Antoine Petit, PDG du CNRS

I Dois-je me déclarer en grève?.

En aucun cas il ne faut se déclarer spontanément en grève. Se déclarer en grève c’est porter atteinte au droit de grève. C’est à l’administration de recenser les personnels grévistes et de fournir la preuve qu’ils étaient en grève. Le préavis de grève couvre tout le monde et l’Enseignement Supérieur et la Recherche ne sont pas soumis au service minimum. Si le besoin de sacrifice est trop grand, donnez votre journée de salaire à l’une des caisses de grèves.

II En quoi consiste le fait de faire grève ?.

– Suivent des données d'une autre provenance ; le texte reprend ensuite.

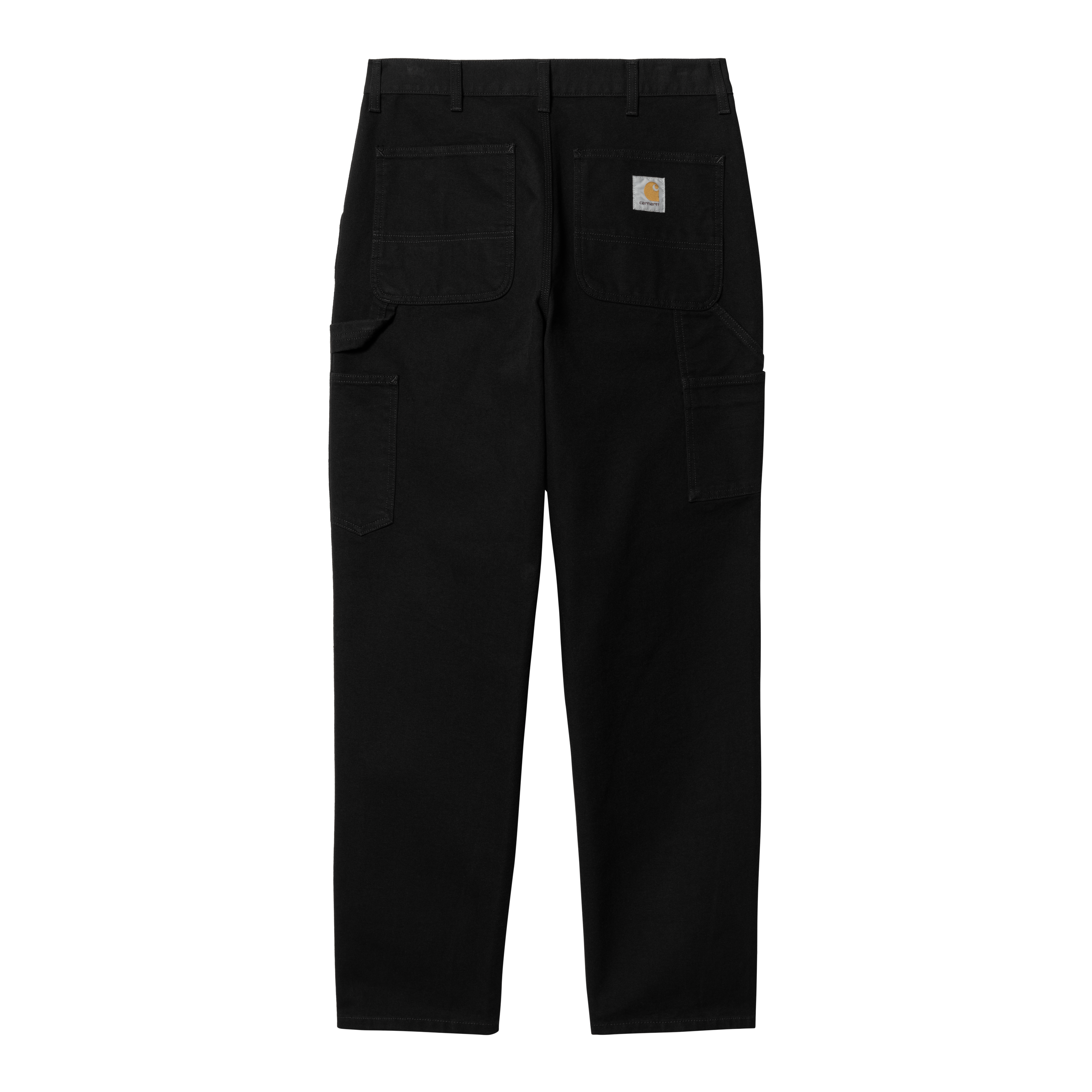 Carhartt WIP OG Single Knee Pants in Black Rinsed
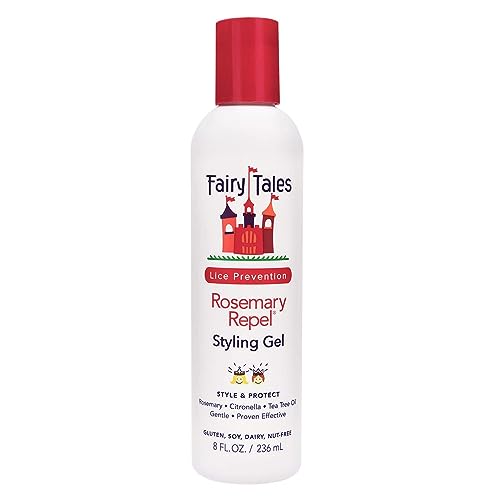 Fairy Tales Rosemary Repel Daily Kids Hair Gel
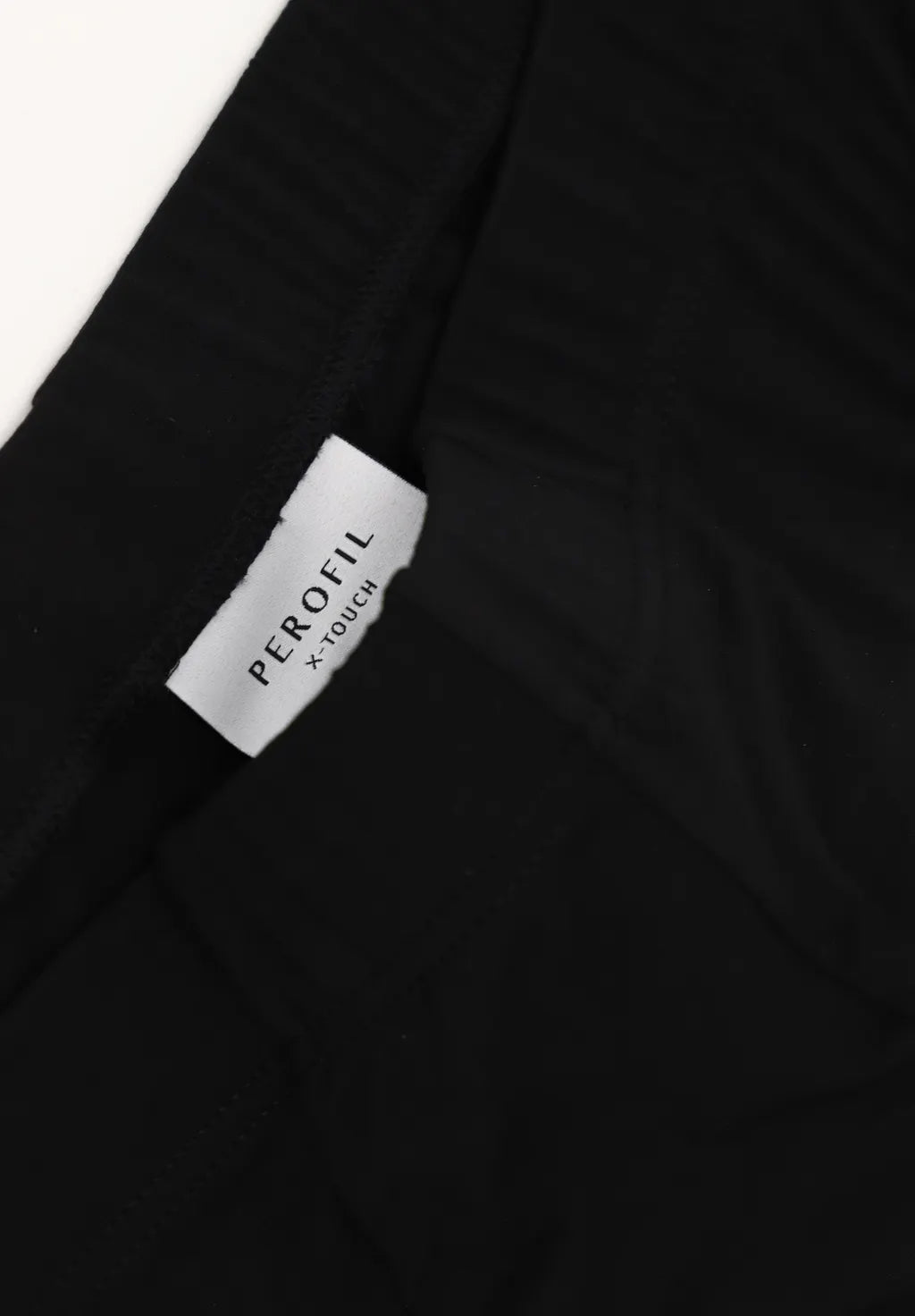 Slip Mini in Modal elasticizzato X-Touch - Nero - Perofil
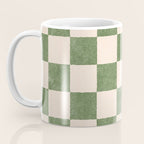 CHECKER - 001 - Olive Coffee Mug Gallery Image 3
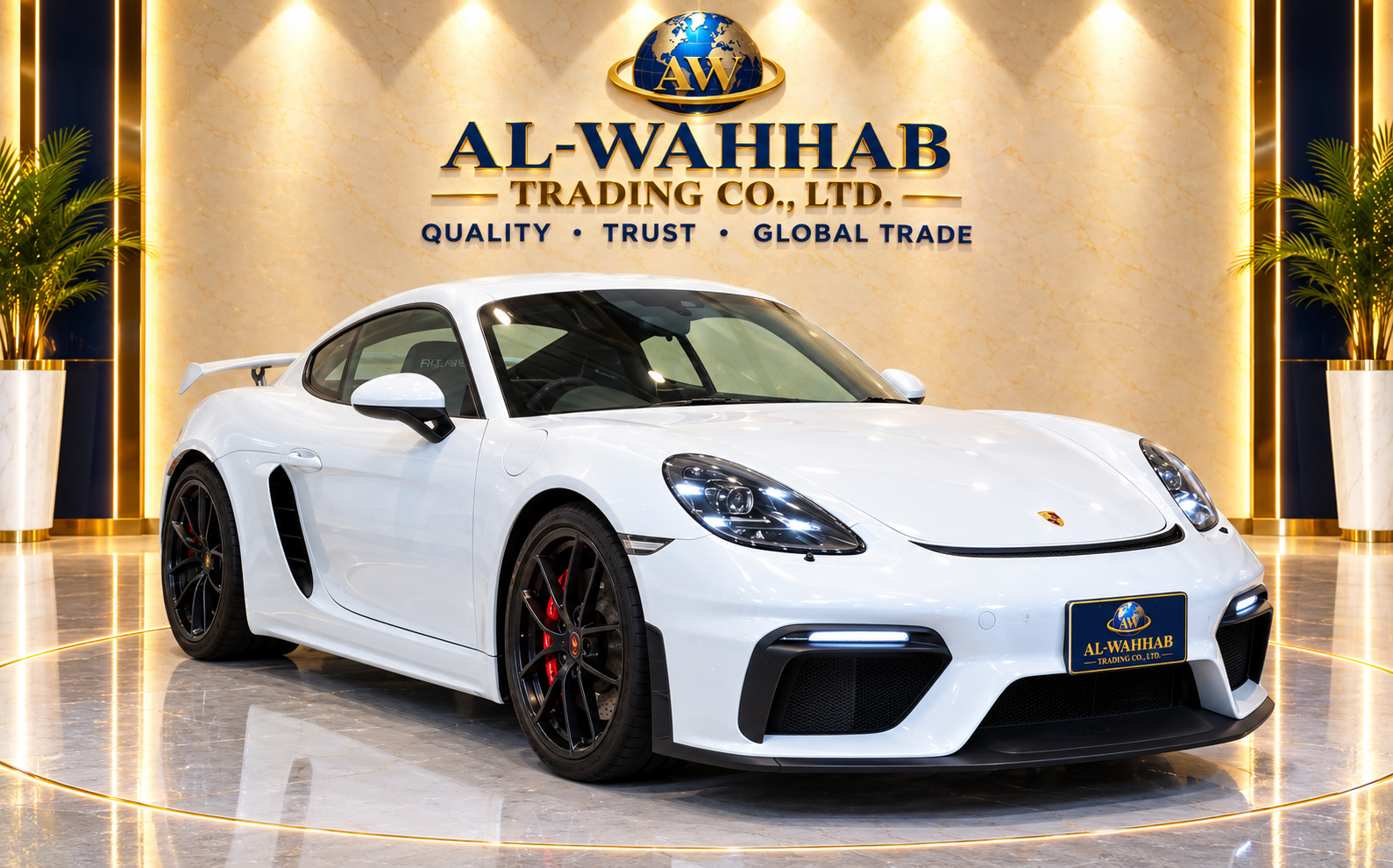 2020 PORSCHE 718 CAYMAN GT4 Sport Chrono Sport Exhaust photo 3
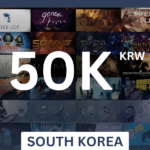 Steam Wallet ₩50000 KRW Gift Card (South Korea) - Digital Code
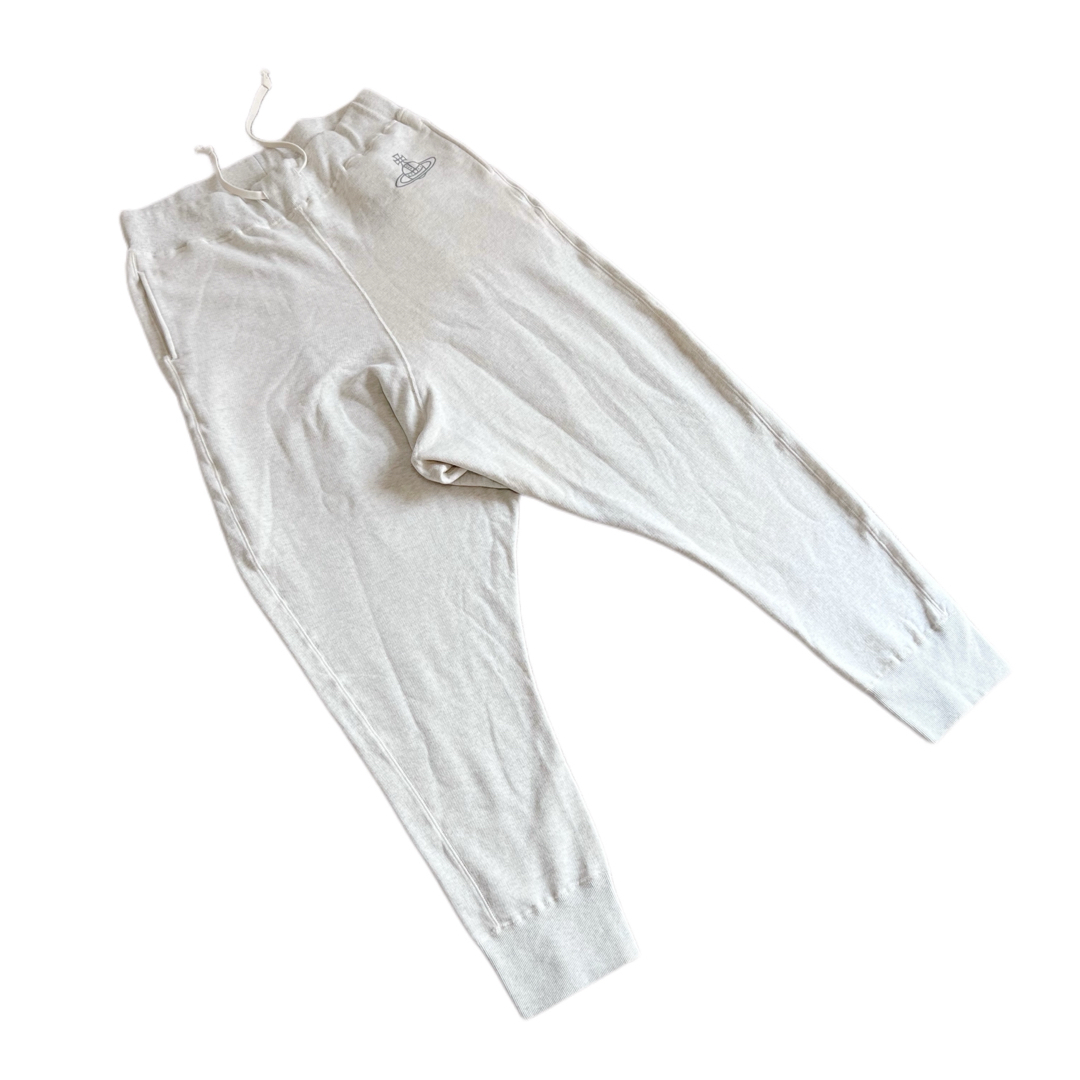 ☆Vivienne Westwood オーブロゴ サルエルスウェットパンツ 極太 ☆Vivienne Westwood オーブロゴ サルエルスウェットパンツ 極太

La grève n’est pas une fin mais un moyen, une tactique déployée dans un but stratégique. Elle ne consiste ni à “se compter” ni à “être comptés” par la presse, moyens notoirement inefficaces. Elle consiste encore moins à se sacrifier. La grève vise à arrêter l’appareil productif comme les barrages sur les routes ou devant les supermarchés servent à bloquer les flux de marchandises. Hors du secteur marchand, la grève sert à se libérer du temps à consacrer aux actions destinées à l’obtention du but fixé. Aussi la grève d’universitaires et de chercheurs pose-t-elle la question de leur utilité publique. Que pouvons-nous faire pour contribuer à l’objectif stratégique fixé? Tout d’abord sensibiliser et informer les étudiants en faisant le tour des amphis [1]. Ensuite mettre ses savoirs et son intelligence critique au service des analyses et des actions collectives qui se construisent localement? Enfin créer politiquement, créer stratégiquement, créer collectivement, ce que les universitaires ont fini par oublier.

III Pourquoi faire grève ?.

Les enseignants, les universitaires, les chercheurs et les personnels de soutien sont doublement sacrifiés dans la réforme de démolition du système de retraite. Sacrifiés par le système à points, conçu pour permettre la baisse des pensions au profit des fonds de pension et de la spéculation financière, et sacrifiés par la baisse abyssale des pensions de retraite programmée, entre -25% et -40% selon les situations [2].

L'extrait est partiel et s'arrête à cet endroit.